La petite branche concession a enregistré un bénéfice net de 3,7 millions d'euros (perte de 17,3 millions en 2006) pour une perte d'exploitation de 5,2 millions d'euros.

Mais c'est surtout dans l'énergie que le profil d'ACS a changé, "l'incorporation d'Union Fenosa à la branche énergie a représenté 2,11 milliards d'euros" pour l'Ebitda, selon le communiqué.

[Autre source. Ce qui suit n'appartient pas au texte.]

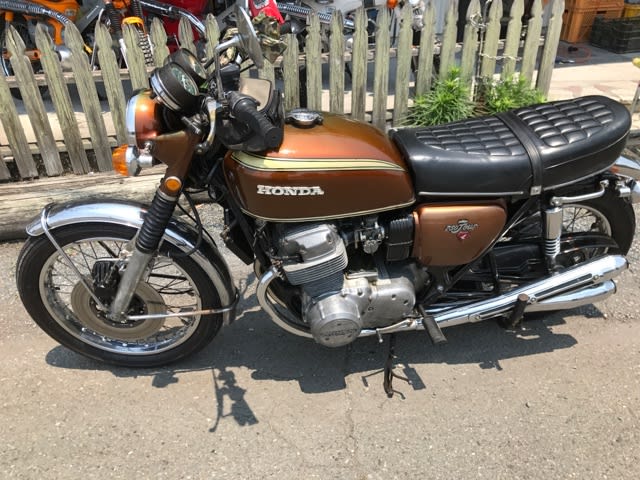 お客様のオートバイ・ホンダCB750K1 - ドリーム商會ブログ お客様のオートバイ・ホンダCB750K1 - ドリーム商會ブログ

"En termes comparables sans l'intégration d'Union Fenosa, le chiffre d'affaires a progressé de 12,2% et l'excédent brut d'exploitation de 13,2%", au lieu de 186%.

Le bénéfice net de la branche énergie, un des axes de développement d'ACS, qui entend être un acteur important de la scène énergétique espagnole, a progressé de 35,4%, à 230,2 millions d'euros.

L'impact de l'intégration d'Union Fenosa "est très positif", selon ACS.

On prête à ACS l'intention de vouloir créer un opérateur électrique majeur en récupérant une partie du groupe Iberdrola, dont il est actionnaire à hauteur de 7,7% (plus 5,2% d'options utilisables à tout moment) pour l'intégrer à Union Fenosa.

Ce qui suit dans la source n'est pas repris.